The person described in that Vox article - upper respiratory symptoms, no direct contact with someone with confirmed Covid-19 - wouldn't meet the criteria for testing anywhere that I know of off-hand. Certainly not in the UK or Australia, probably not in South Korea (though they allow people who don't qualify to buy testing out of pocket), not in a whole bunch of EU states, and Italy has much bigger things to worry about. Maybe in the more urban parts of China?
The community spread by this point has hit the entire US surely. They can't track every single confirmed person location-by-location because it's been far too long.
You are wrong about South Korea. Their testing has been incredibly effective from the beginning, patient 31 in South Korea had no known contact and was told to take a CV test by her doctors, but didn't take the advice until a 2 days later.
https://graphics.reuters.com/CHINA-HEALTH-SOUTHKOREA-CLUSTER...
In my country, you get tested even if you haven't had direct contact with confirmed COVID19, but have the symptoms and have travelled to selected countries or states in the last 4 weeks.
as a non-US person, the US can do much more than testing, (which is what most other countries can do). A cure, or a quick vaccine is what matters, testing is just a measure of how bad you are performing. Containment measures are necessary, and they work, but eventually we ll all get the virus, in a vaccine or not
Not doing any actual airport screening, rejecting the WHO tests so we could develop our own (for some reason), denying that there was even a problem for 4 critical weeks, telling people as recently as a week ago that they should be out going to restaurants and bars... all the failures of leadership that caused us to blow well past containment.
In contrast, Japan, Taiwan, Singapore, Thailand, and Hong Kong got right on top of it, and early. They're also the only countries seeing a flat rather than exponential trend right now. Which means their hospitals are not at threat of being overwhelmed.

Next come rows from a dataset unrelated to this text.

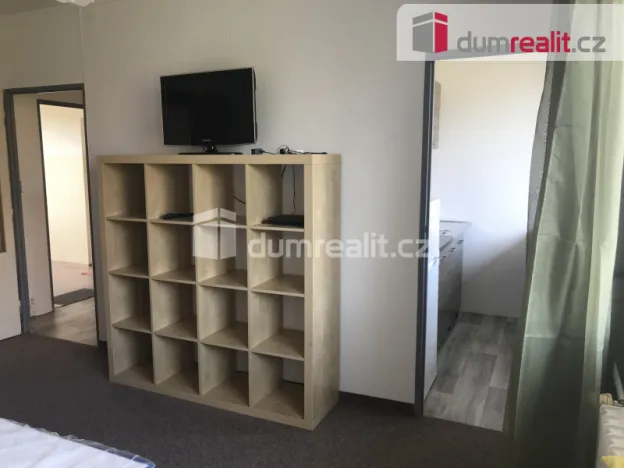 Pronájem bytu 1+1, Praha - Prosek, Veltruská, 27 m2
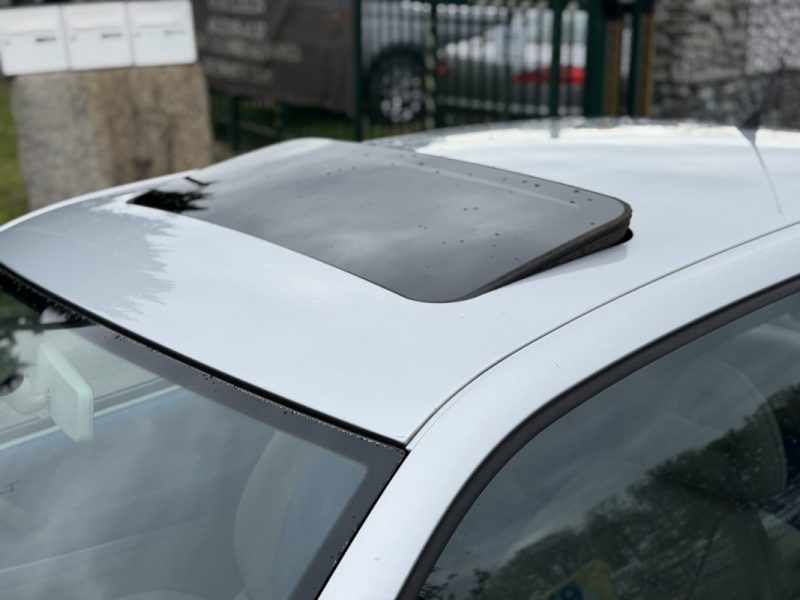 VOLKSWAGEN LUPO 1,4L 75 CV Boite Auto / Toit Ouvrant /  Paiement 4X ou 10X Possible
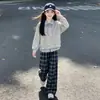 Conjunto para Meninas Outono 2026 Novo Elegante da Moda Infantil Falso Duas Peças Top Menina Xadrez Conjunto Longo de Duas Peças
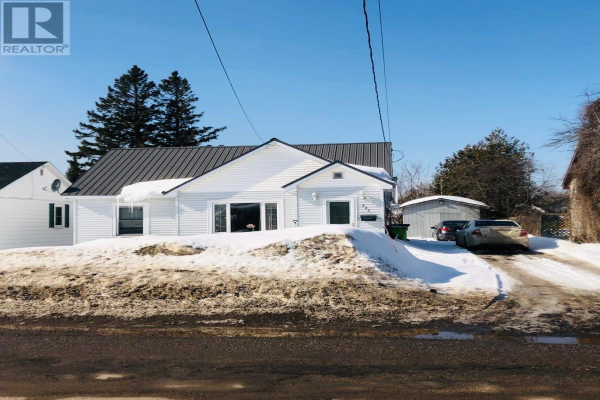 623 Farwell TER, Sault Ste. Marie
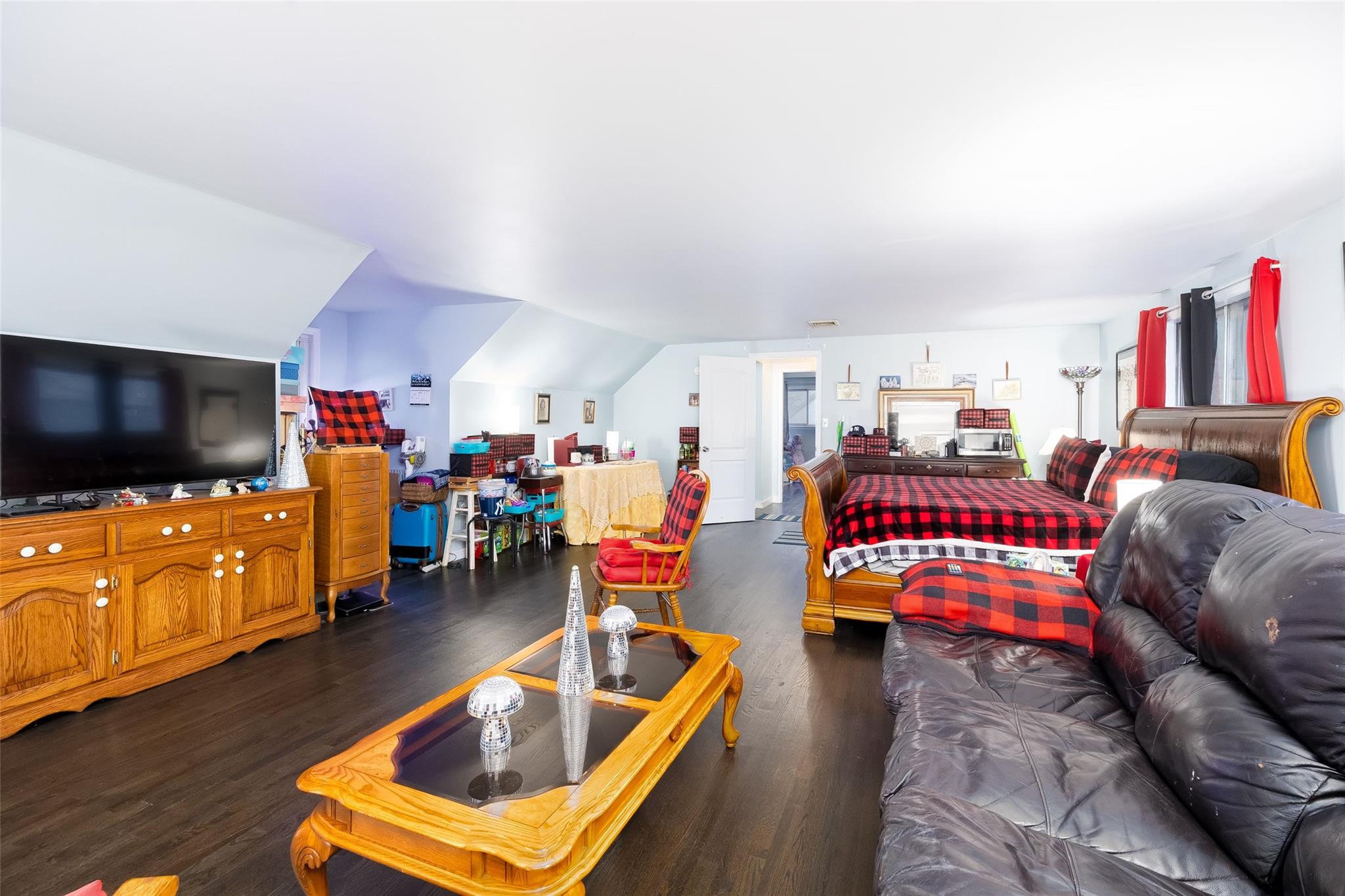 75 Oakcrest Avenue, Farmingville, New York image 25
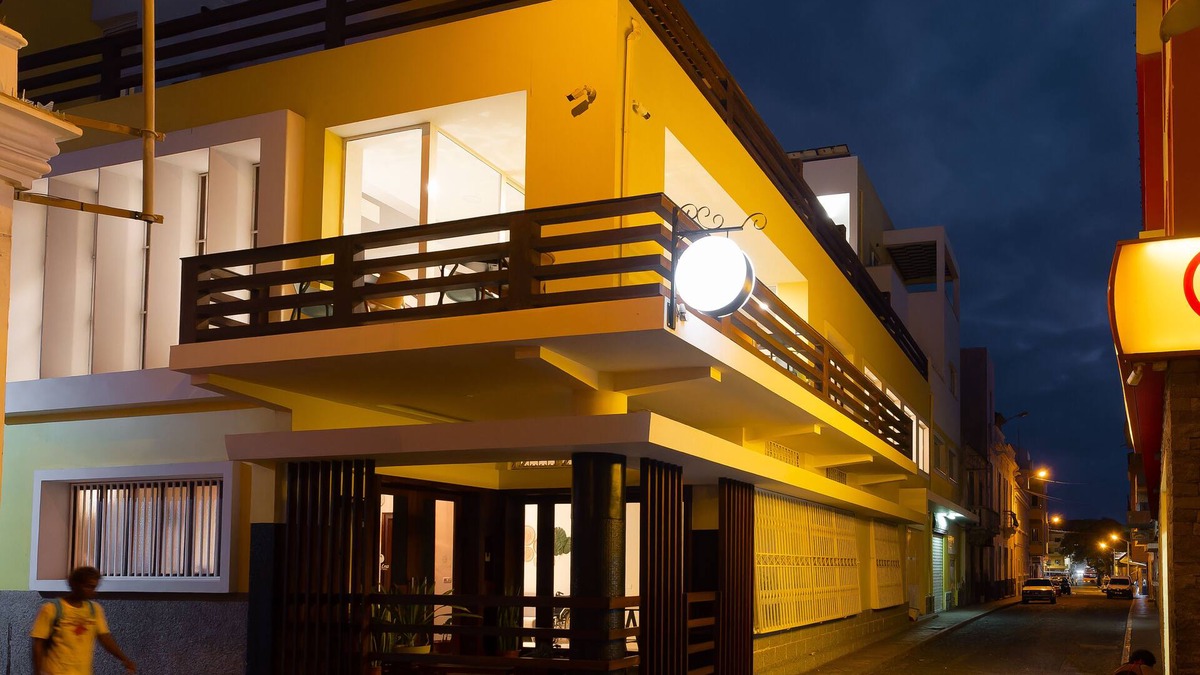 Mindelo Hotel | Santa Cruz Boutique Hotel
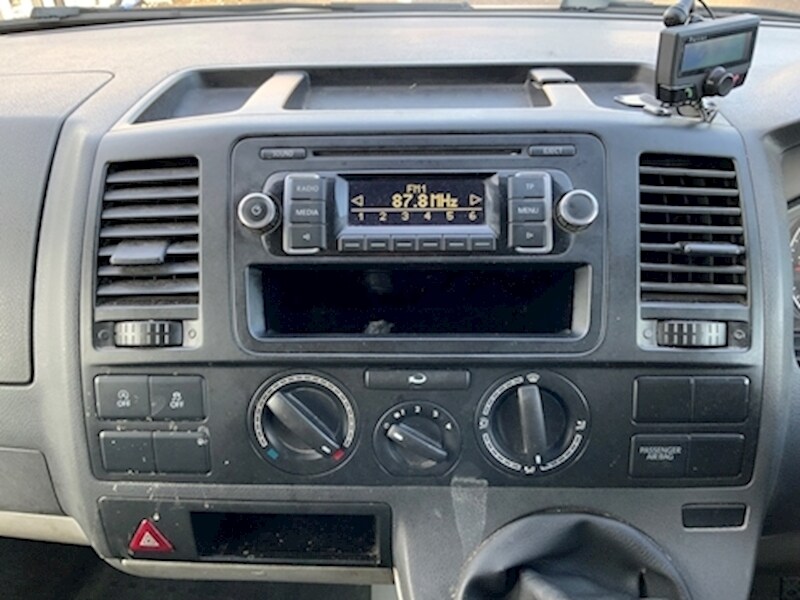 Used Volkswagen Transporter 2015 for sale - 76047103: Photo 18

The president and the most popular news network have been downplaying the severity for weeks. The US is absurdly behind other countries in testing. We've tested less people total than South Korea tests in a single day. And cases are being overlooked left and right. No one I know in NYC has been tested. Multiple folks were in public situations with possibly infected tourists. One was exposed to a confirmed case via a third party and got the symptoms right on schedule. No tests available. Everyone was told they're only testing if respiratory distress occurs and to stay home and take Dayquil.